╭──

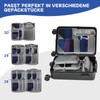 5-Piece Compression Packing Cube Set for Travel, Compression Packing Cube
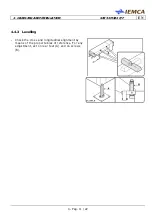 Preview for 39 page of IEMCA SIR52 MS52 P Manual For Use And Maintenance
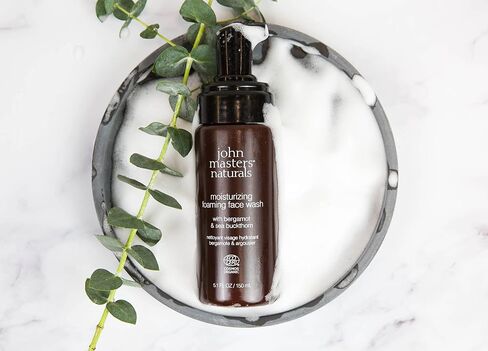 John Masters Organics Moisturizing Foaming Face Wash with Bergamot & Sea Buckthorn in Saudi Arabia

╰──

WHAT IS BEING ASKED:
Print the material exactly as given, but not the pictures.

OUTPUT OF THE EXERCISE:
 5-Piece Compression Packing Cube Set for Travel, Compression Packing Cube
 Preview for 39 page of IEMCA SIR52 MS52 P Manual For Use And Maintenance
 John Masters Organics Moisturizing Foaming Face Wash with Bergamot & Sea Buckthorn in Saudi Arabia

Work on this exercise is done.